The tiny town of Mount Dora, Fla., boasts an estimated population of about 14,000 and is considered to be a part of the Orlando-Kissimmee Metropolitan Statistical Area. The town’s equally tiny weekly newspaper folded a dozen years ago after succumbing to competition from Orlando area dailies. Now those dailies are shrinking and smaller places like Mount Dora are practically devoid of professional news coverage. The piece quotes David Cohea of Mount Dora.

"After years without a strong local voice, our community does not know itself and has no idea of important local issues or how the area is changing … We are a nameless and faceless town defined only by neighborhoods … A few local blogs pick up commercial events that are relayed on Facebook, but aside from that, we only hear of murders and fires and hot-button controversies – the stuff of TV news."

Sound familiar?

Mount Dora is illustrative of so many of our communities, both large and small where what’s popular, exciting or sexy is the only thing that will earn coverage from today’s scaled-back journalism shops.

The simple fact is this: with the information channels at our disposal we, as local government communicators, have the capability to reach a broader audience in our communities than other mediums. We can reach a broader audience than most local newspapers and television stations (in most markets) did as recently as 25 years ago. As such, by default, does it not then become our responsibility to convey as much news and information about our jurisdictions as we are able?

Of course, it’s not that simple.

For many of us there is only so much we are able to publicize, usually limited to activities, services and events that are directly tied to or sponsored by the City or County organization. Some operate with a bit more latitude, working with Chambers of Commerce and EDCs to help promote local businesses and incite economic development. Others among us are wide open to publicizing anything that happens within their borders.

If you agree to the thesis that the demise of local newspapers is one of the lynchpins in the degradation of public discourse and news dispersal, do you also agree that it is incumbent upon local governments to do something about it? Is it up to us to tell the story of our individual communities?

There’s nothing about this that isn’t tricky since our channels can be accurately defined by the scary-sounding term “state-run media.” Still, the quality of content is the litmus test and there is a distinct difference between marketing and propaganda.

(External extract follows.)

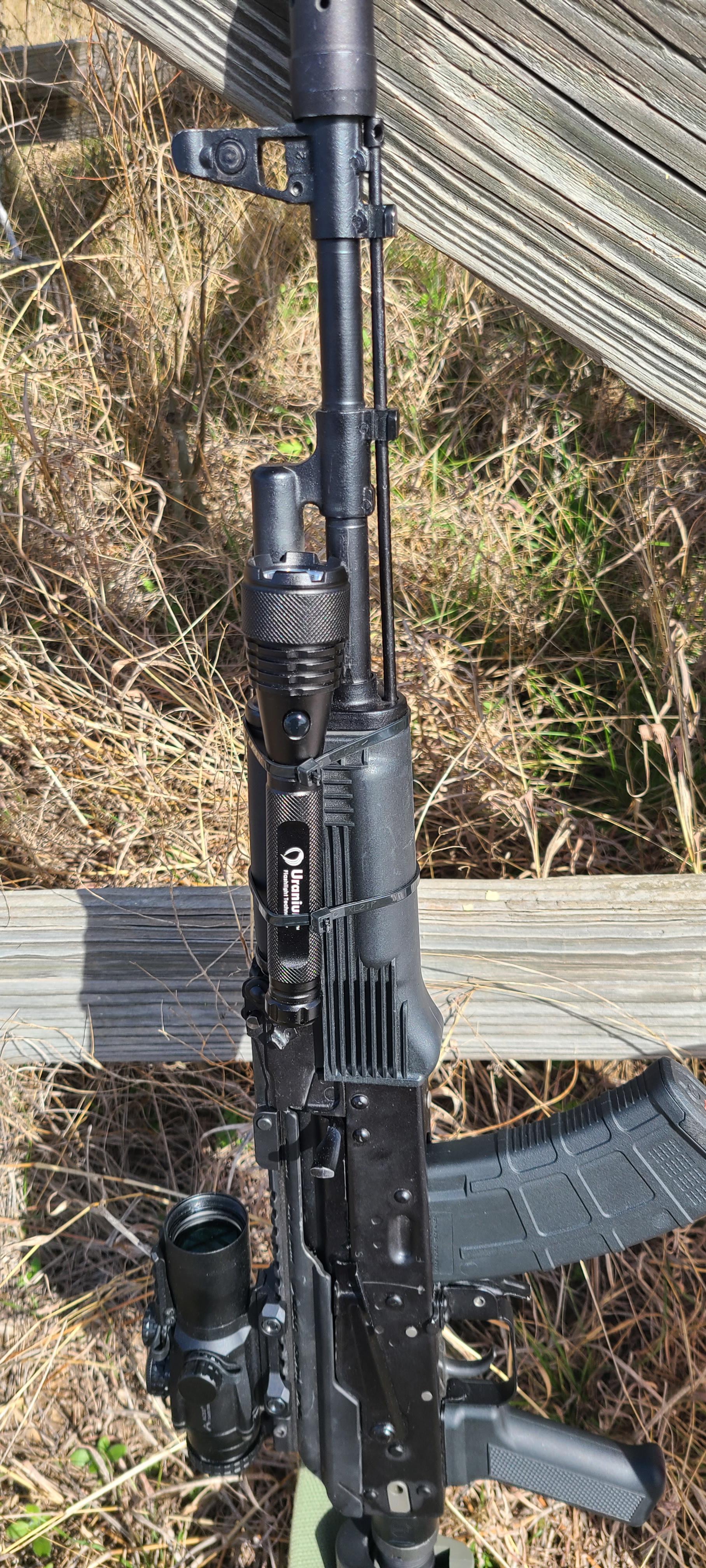 The best friend of any ak is zip ties r/ak47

So long as we’re imparting factual information and not trying to sway public opinion, does that authorize us to proceed?

This may be one of the most important discussions we undertake in 2020. I encourage you to comment on this blog where it appears at the 3CMA Facebook page.

  1. Is it up to us to help fill the news void?
  2. Philosophically, how do you package and disperse your news to your community?
  3. Do you stick strictly to City/County-affiliated activities, services and events or do you allow wider coverage of local happenings?
  4. Should those of us that limit our broadcast and publication to City/County-related only consider expanding that policy and under what guidelines should that happen?
  5. Perhaps most importantly, if you disagree with this thesis, please say so and why.

May we all develop acute professional vision in 2020.